まだ犯人が潜んでいる可能性もゼロではない。京哉は左懐に吊った銃を意識しながらいつでも抜ける態勢で気配を殺す。
通常、刑事は職務中でも銃など持ち歩かないが、機捜隊員はその職務の特性から凶悪犯と出くわすことも考慮され、職務中は銃の携帯が義務付けられていた。
機捜隊員が持つのはシグ・ザウエルP230JPなる薬室一発マガジン八発の合計九発を発射可能なセミ・オートマチック・ピストルで使用弾は三十二ACP弾だが弾薬は五発しか貸与されないという代物だ。
だが京哉と霧島に限っては過去に関わった案件から県下の暴力団に恨みを買っていることもあり、職務時間外でも銃を携行することが県警本部長特令で許可、いや、身を守るよう命じられているのだ。

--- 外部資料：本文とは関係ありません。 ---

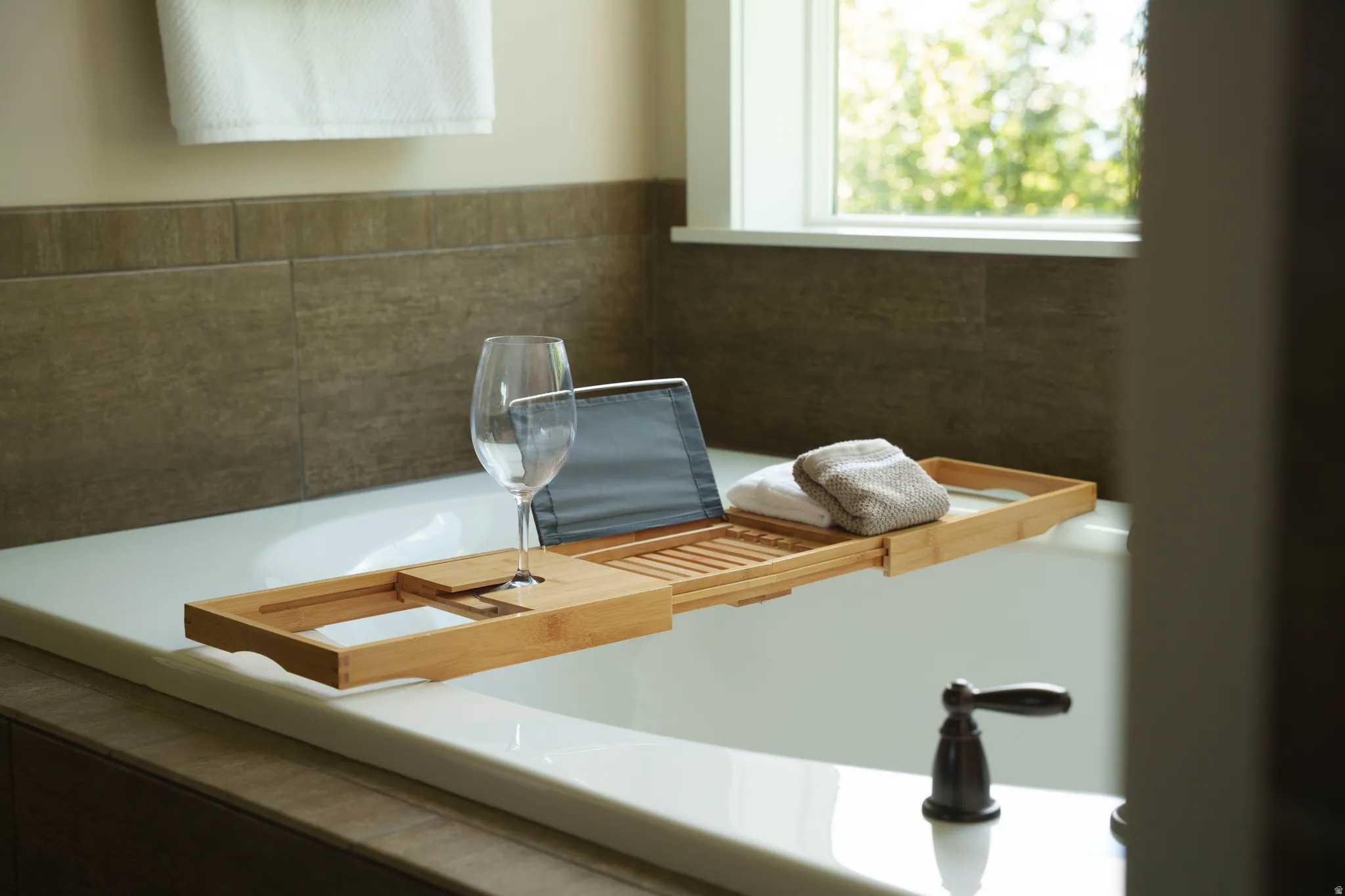 Soaking tub featuring a bronze-finish faucet, rectangular window, and floor-to-ceiling tile surround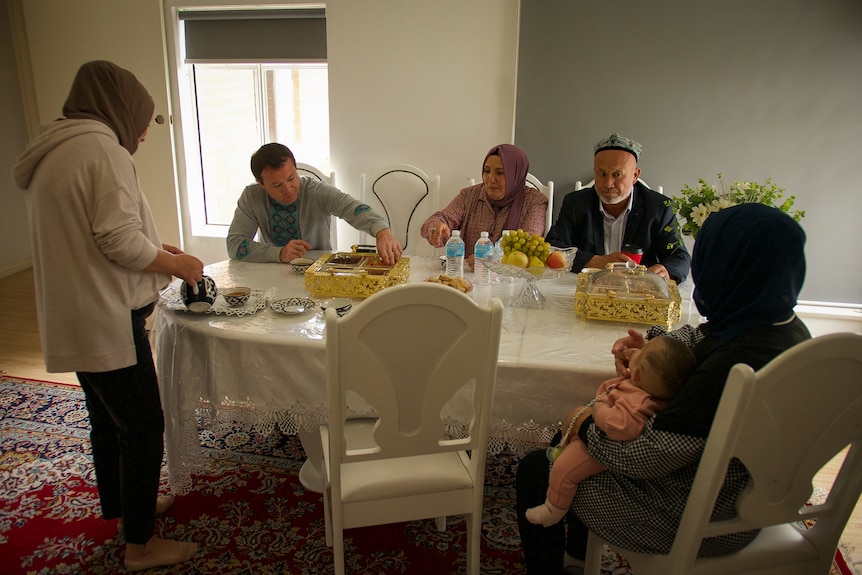 A Uyghur family eats a meal at a white dinner table.
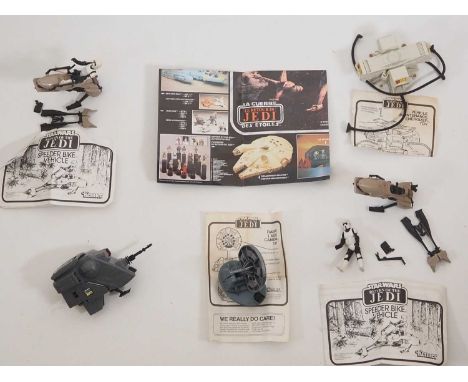 A group of vintage Star Wars small vehicles all unboxed, mostly with instructions, together with a Star Wars toy range poster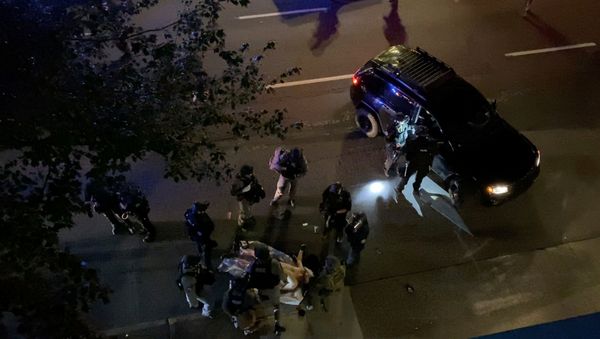 SENSITIVE MATERIAL. THIS IMAGE MAY OFFEND OR DISTURB    Medics and police personnel surround the victim of a shooting in Portland, Oregon, U.S. August 29, 2020, in this still image obtained from a social media video. Courtesy of Sergio Olmos/Social Media via REUTERS. ATTENTION EDITORS - THIS IMAGE HAS BEEN SUPPLIED BY A THIRD PARTY. MANDATORY CREDIT SERGIO OLMOS. NO RESALES. NO ARCHIVES. - Sputnik International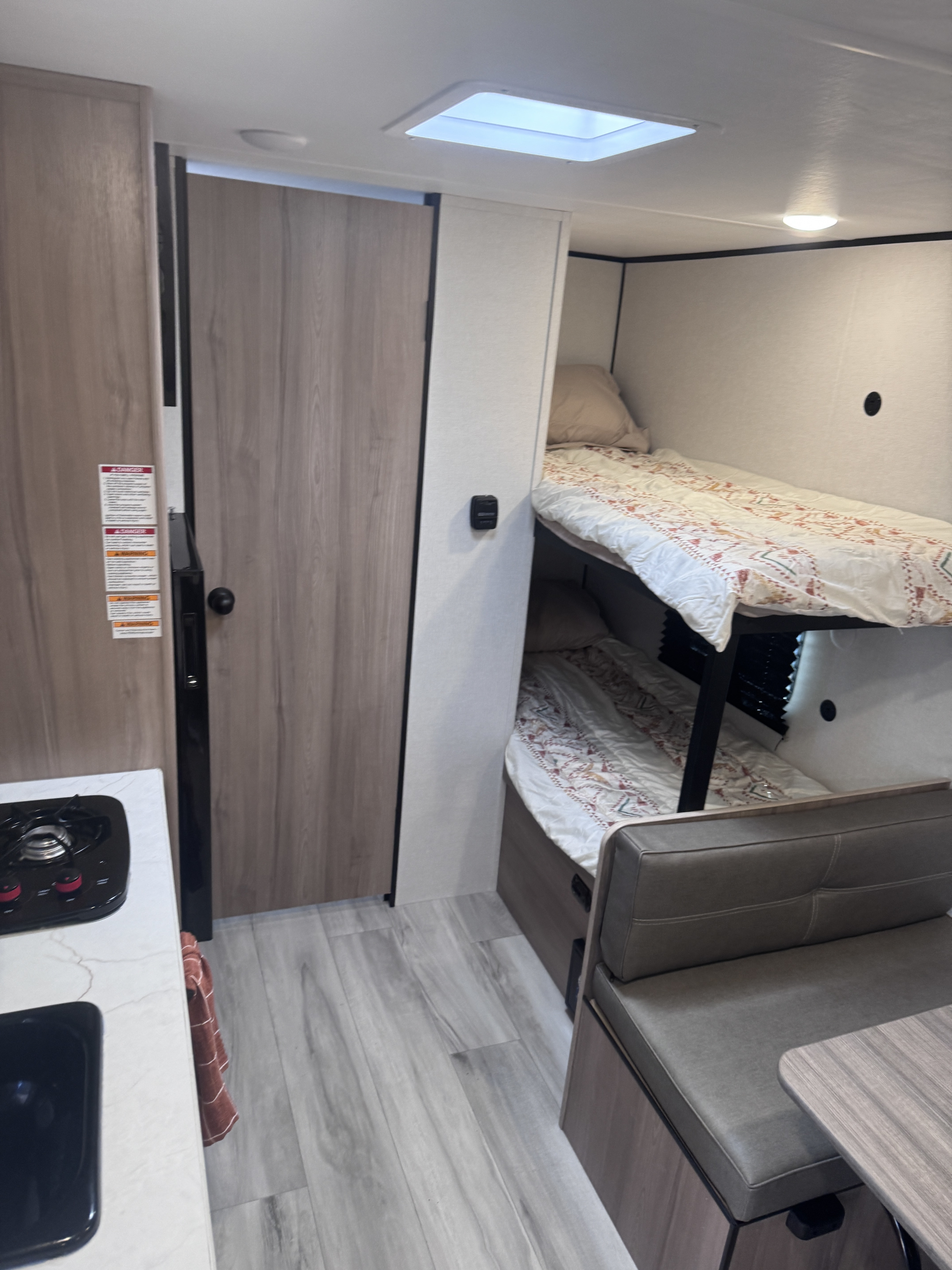 RV rental interior featuring cozy bunk beds, a compact kitchen with stovetop, and a comfortable dinette.. Keystone Coleman 17B 2025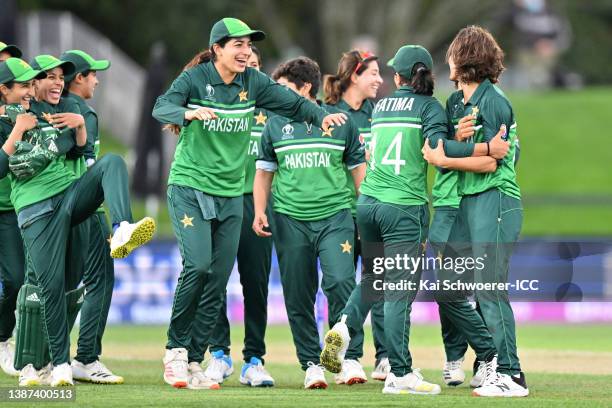 Diana Baig of Pakistan celebrates the wicket of Tammy Beaumont of England during the 2022 ICC Women's Cricket World Cup match between England and...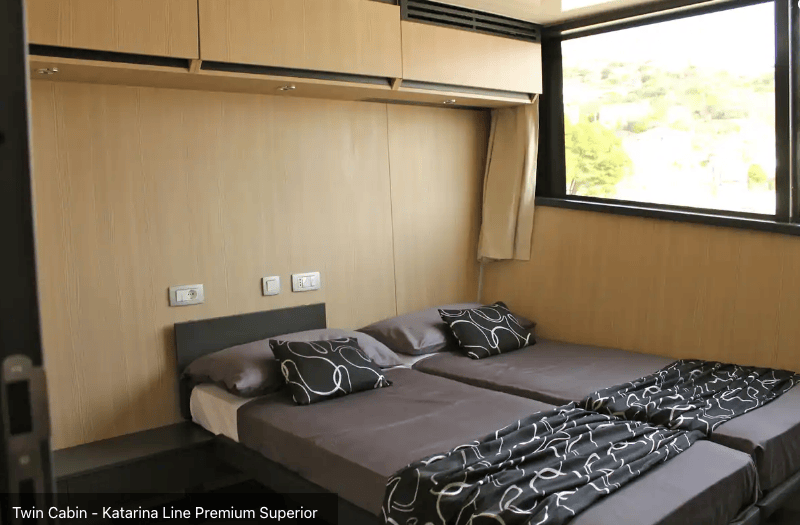 Twin beds beside large window and storage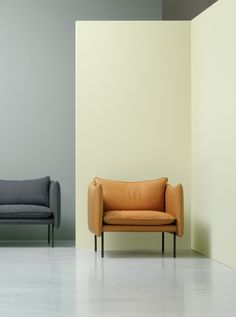 two couches sitting next to each other in front of a gray and yellow wall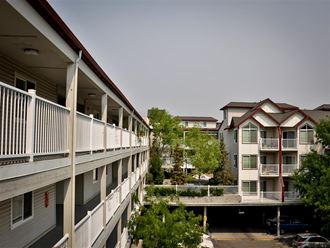 a row of apartment buildings with balconies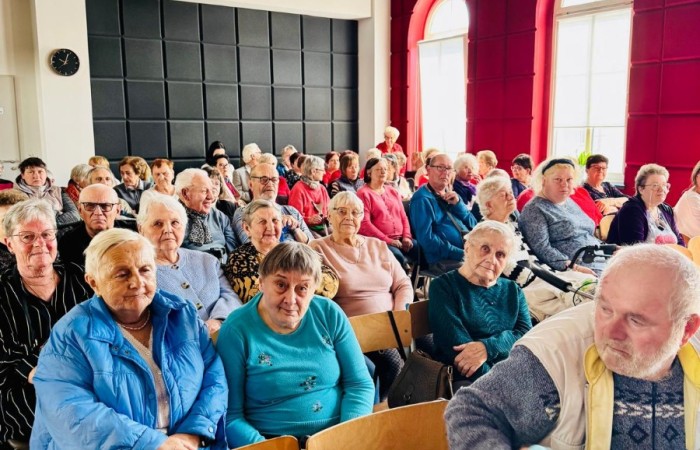 Zdjęcie przedstawia grupę seniorów siedzących na widowni.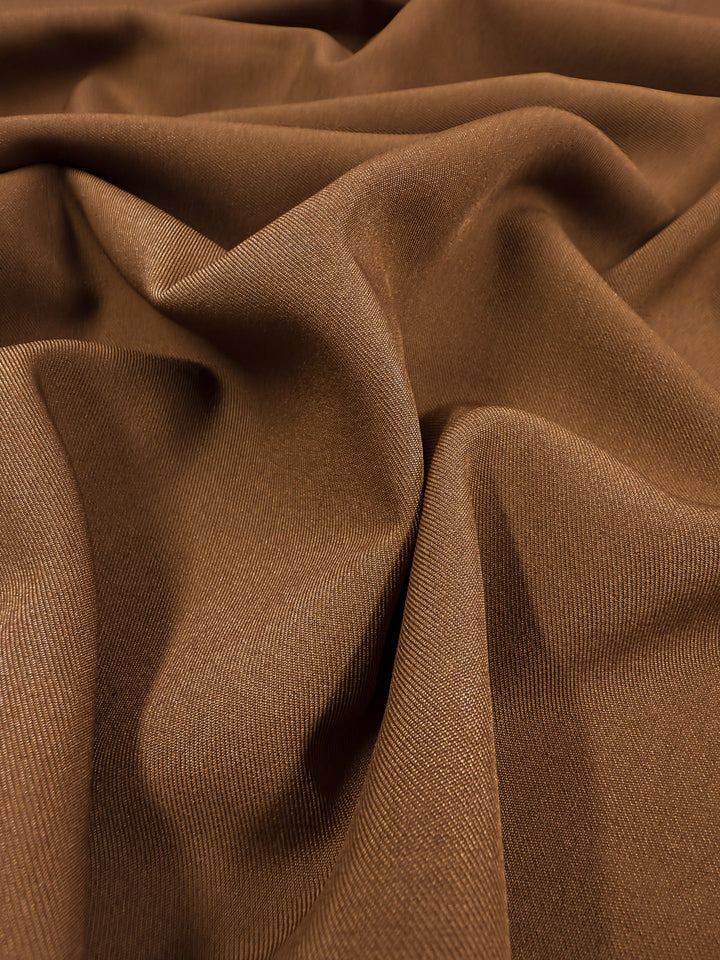 A close-up of Super Cheap Fabrics' Liquid Twill - Caramel Cafe (150cm) highlights its soft, caramel-brown surface with a smooth texture and gentle folds, forming flowing curves and shadows.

おまけに特別任務で危険な捜査に就かされるため、銃もシグ・ザウエルP226なる九ミリパラベラムを十六発発射可能な代物を持たされていた。
初めは交換・貸与されていたのが面倒になり、十五発満タンのスペアマガジン各々二本と一緒に持たされっ放しになってしまったのである。
二人合わせて九十二発は何処と戦争するのだろうと本人たちも最初は首を捻ったが、還ったら残弾三発だったこともあったので、なるほどと納得したものだ。
そのグリップを握りながら京哉は霧島に続く。完全には乾ききっていない血溜まりを跨ぎ越し、室内を検分した。ダイニングキッチンに足を踏み入れて気付く。
キッチンと続き間になったリビングでソファに凭れたまま女が一人死んでいた。
「廊下の人と夫婦でしょうか?」
「たぶんな。こちらは胸を一突きに防御創あり、か」
一通り見て回ったが生存者もホシも発見できず、廊下の死体の許に戻る。
「両方とも角膜の完全混濁に死後硬直が全く解けていない。京哉、どうだ?」
「死後半日から一日ですね」
機捜に異動になるまでは真城署刑事課の強行犯係に配属されていた京哉は遅滞なく答えた。そこで霧島が真城署刑事課に携帯で連絡を入れる。
現場を荒らさないよう二人は靴を履き、玄関の外で所轄署員の現着を待った。内廊下でそれほど寒くないのは有難い。